The Cracked.com website is a messy piece of work and I can't for the life of me get it to work. The main problem is I can't get the second pages to append to the first pages and I can't seem to figure out how to get rid of all the tables so it breaks it up into pages for me to read on my Sony PRS-650. I used the Adventure Gamers recipe and modified it only a little bit:

Code:

class Cracked(BasicNewsRecipe):
    title                 = u'Cracked.com'
    language              = 'en'
    description           = 'Americas Only Humor and Video Site, since 1958'
    publisher             = 'Cracked'
    category              = 'comedy, lists'
    oldest_article        = 7
    delay                 = 10
    max_articles_per_feed = 50
    no_stylesheets        = True
    encoding              = 'cp1252'
    remove_javascript     = True
    use_embedded_content  = False
    INDEX                 = u'http://www.cracked.com'
    extra_css             = """
                                .pageheader_type{font-size: x-large; font-weight: bold; color: #828D74}
                                .pageheader_title{font-size: xx-large; color: #394128}
                                .pageheader_byline{font-size: small; font-weight: bold; color: #394128}
                                .score_bg {display: inline; width: 100%; margin-bottom: 2em}
                                .score_column_1{ padding-left: 10px; font-size: small; width: 50%}
                                .score_column_2{ padding-left: 10px; font-size: small; width: 50%}
                                .score_column_3{ padding-left: 10px; font-size: small; width: 50%}
                                .score_header{font-size: large; color: #50544A}
                                .bodytext{display: block}
                                body{font-family: Helvetica,Arial,sans-serif}
                            """

    conversion_options = {
                          'comment'   : description
                        , 'tags'      : category
                        , 'publisher' : publisher
                        , 'language'  : language
                        }

    keep_only_tags    = [
                       dict(name='div', attrs={'class':['Column1']})                  
                        ]

    remove_tags = [
                       dict(name='div', attrs={'id':['googlead_1','fb-like-article','comments_section']})
	   ,dict(name='div', attrs={'class':['share_buttons_col_1','GenericModule1']})
	   ,dict(name = 'ul', attrs={'class':['Nav6']})
                        ]

    remove_tags_after = [dict(name='div', attrs={'id':'fb-like-article'})]
    remove_attributes = ['width','height']

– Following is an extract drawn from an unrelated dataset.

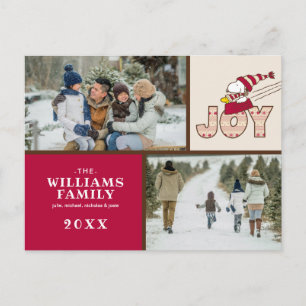 Erdnüsse   Snoopy & Woodstock Joy Sled Ride Feiertagspostkarte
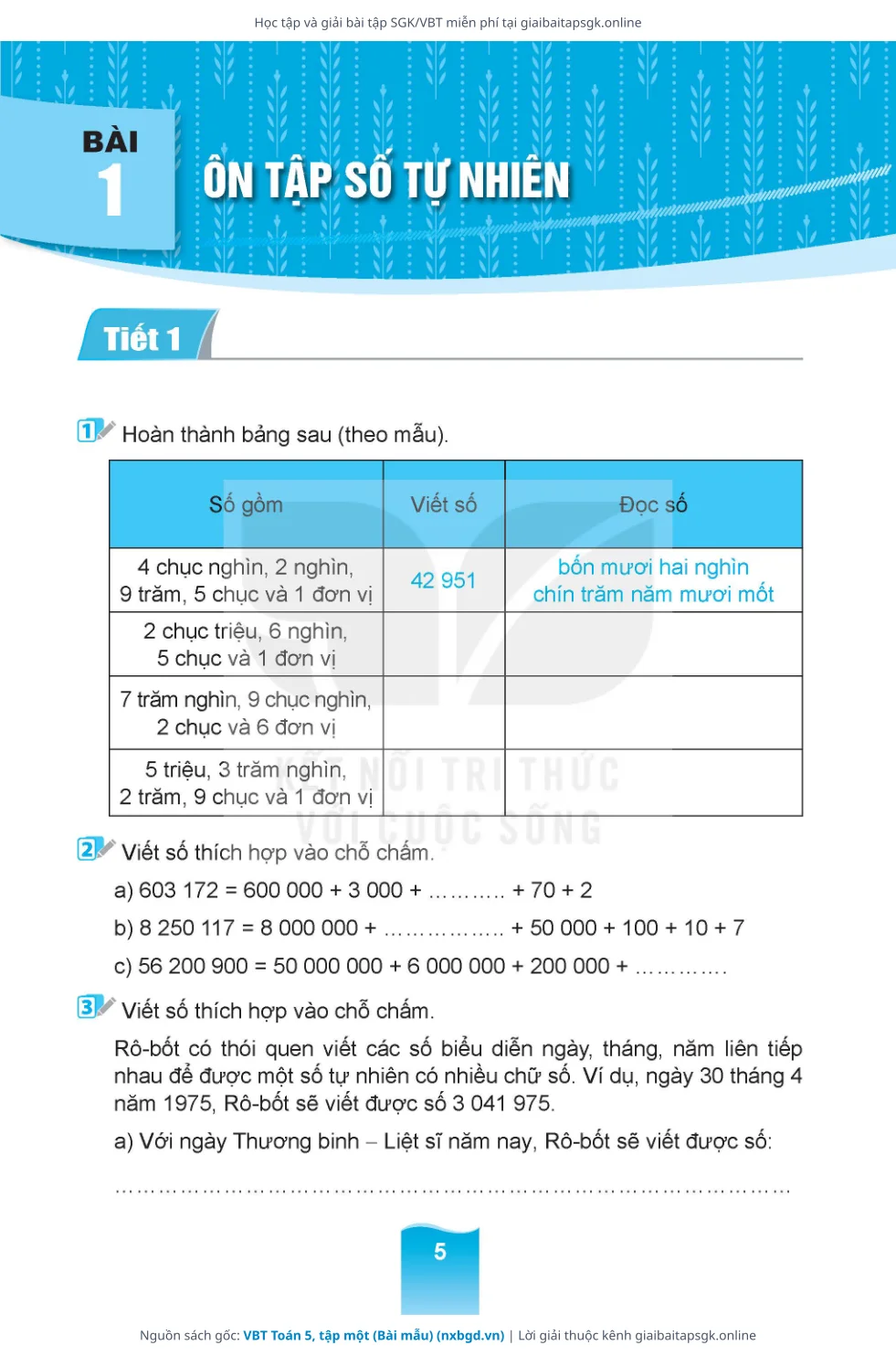 Trang 6 sách giáo khoa VBT Toán 5, tập một (Bài mẫu) thu nhỏ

    feeds = [(u'Articles', u'http://feeds.feedburner.com/CrackedRSS')]

    def get_article_url(self, article):
        return article.get('guid',  None)

    def append_page(self, soup, appendtag, position):
        pager = soup.find('li',attrs={'class':'forward'})
        if pager:
           nexturl = self.INDEX + pager.a['href']
           soup2 = self.index_to_soup(nexturl)
           texttag = soup2.find('div', attrs={'class':'Column1'})
           for it in texttag.findAll(style=True):
               del it['style']
           newpos = len(texttag.contents)
           self.append_page(soup2,texttag,newpos)
           texttag.extract()
           appendtag.insert(position,texttag)

    def preprocess_html(self, soup):
        for item in soup.findAll(style=True):
            del item['style']
        self.append_page(soup, soup.body, 3)
        pager = soup.find('div',attrs={'class':'prev_next'})
        if pager:
           pager.extract()
        return self.adeify_images(soup)

If anyone could help me that would be great.

I am also having problems with 'The Onion' recipe. It seems that there is something in the code for that site that crashes my Sony PRS-650. I read somewhere else that this is a firmware problem but you can just remove whatever bit of code is causing the problem. Does anyone know what the bit of HTML in 'The Onion' site is that might be causing the problem? And how do I actually get rid of it using the recipe that comes with Calibre?

I can get all my serious news fine but if I want to have a light read of some comedy I seem to be out of luck!